Editorial: Put gun genie back in bottle
Five days after the shootings at Sandy Hook Elementary School left 20 first-graders and six adults at the school dead, President Barack Obama announced the formation of a task force that will come up with “concrete proposals” for curbing gun violence. Obama said he expected the proposals in January and that he will have more to say on the subject in his State of the Union address that month.
In ordinary times, mention of a task force and another speech would scarcely qualify as news. But many Americans are fervently hoping that this time will be different and that our elected officials — and millions of the rest of us — won’t simply play lip service to the need for change and then move on.
It is imperative that President Obama use the bully pulpit to keep this issue alive in the coming months, and that he remain personally engaged in the outcome. He was largely missing in action on this topic during his first term. With re-election behind him, he has an opportunity now to shape a legacy as a president who finally stood up to the gun lobby, acted to reduce the level of violence in this country and to address its multiple causes.

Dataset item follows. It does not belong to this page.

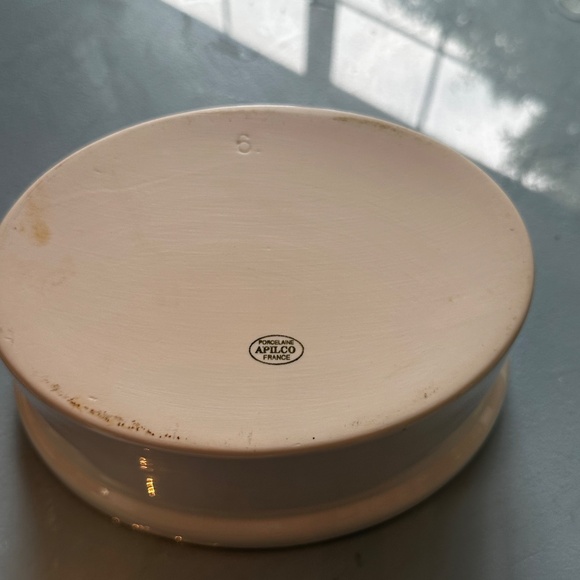 Apilco Duck Casserole Dish - Picture 7 of 8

At a minimum, the newly named task force should push for reinstating the lapsed assault weapons ban and should close the loopholes that allow the easy purchase of weapons at gun shows.
In recent days, several pro-gun senators — some citing the pressure they’re getting from constituents and in some instances their own family members — have signaled a willingness to look at sensible gun restrictions. That’s an encouraging sign. This is a time to welcome the input of hunters and other responsible gun owners, not to demonize them. Their support is crucial if meaningful change is to occur.

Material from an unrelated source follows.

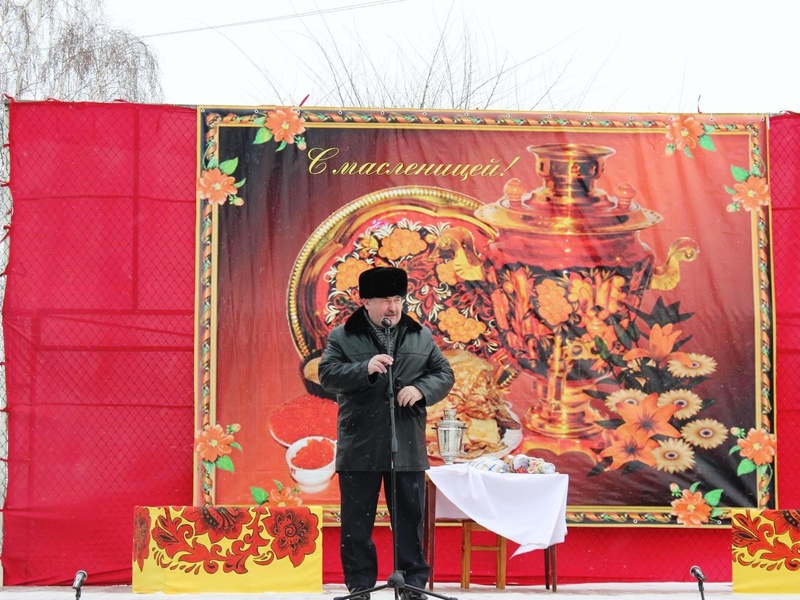 Большеулуйский район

Today, the National Rifle Association is expected to make its first statements since the Newtown shootings. Since Friday, the NRA, knowing a public relations disaster when it sees one, has been silent.

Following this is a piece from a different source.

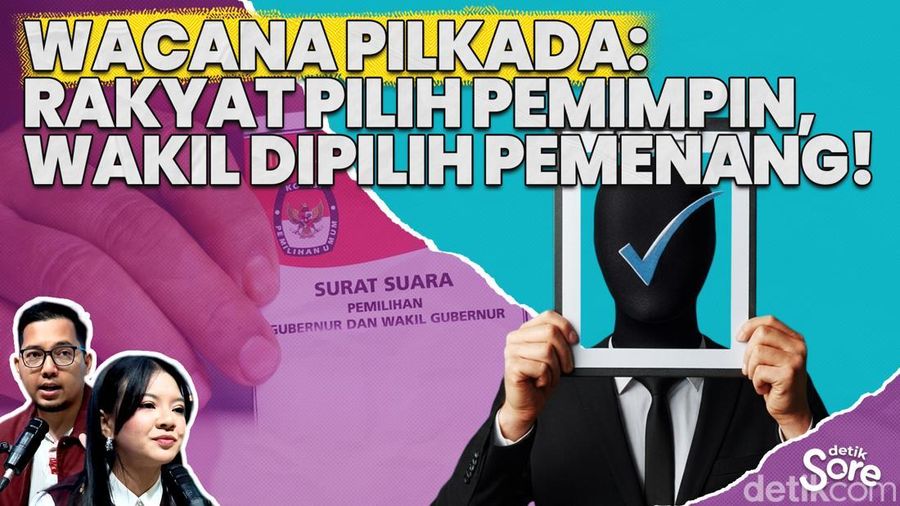 Video: Menakar Dampak Pilkada Hanya Pilih Pemimpin Tanpa Wakil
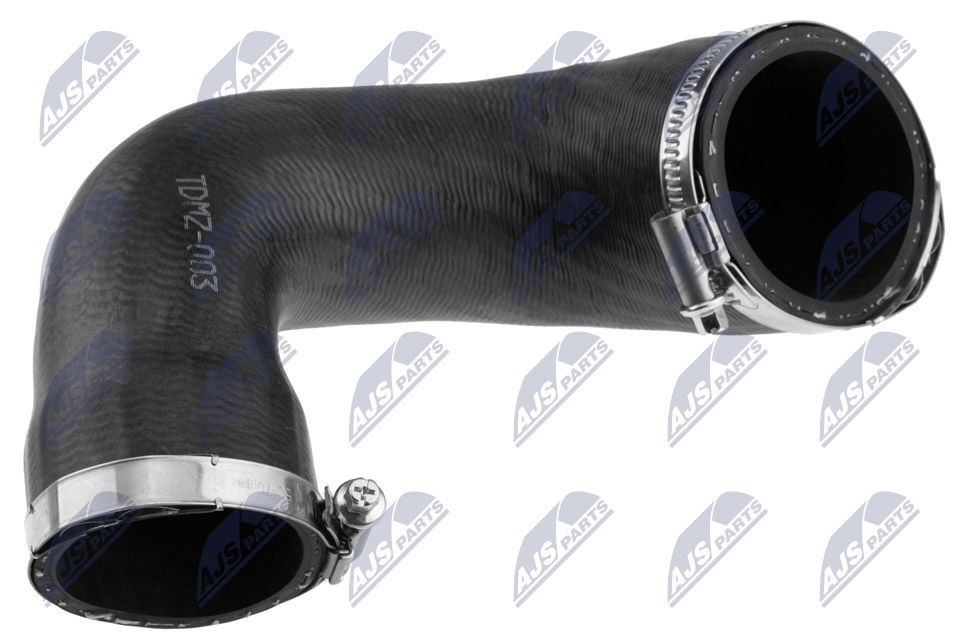 NTY Charger intake hose Article number: GPP-MZ-003 cheaply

It’s likely the NRA, as it has in the past, will argue that we don’t need new laws, we need to enforce the gun-control laws we already have. And the group may climb aboard the bandwagon of those saying that the real issue is better identification and treatment of people who are mentally ill and prone to violence.
We agree that mental health issues should be addressed, especially questions of funding and access. But in truth, people who suffer with mental illness are more likely to be victims of violence than to commit violence; experts say only about 4 percent of violent acts in the U.S. are caused by people with mental disorders. For the gun lobby to bemoan the failings and shortfalls of this country’s mental health system — while resisting restrictions to the availability of military-style, lethal weapons — is disingenuous and irresponsible.
It’s been said many times in recent days that gun violence in this country is a complex problem requiring a complex, multi-pronged set of solutions. That’s true. But guns — and the ease of getting them — must remain front and center on the agenda.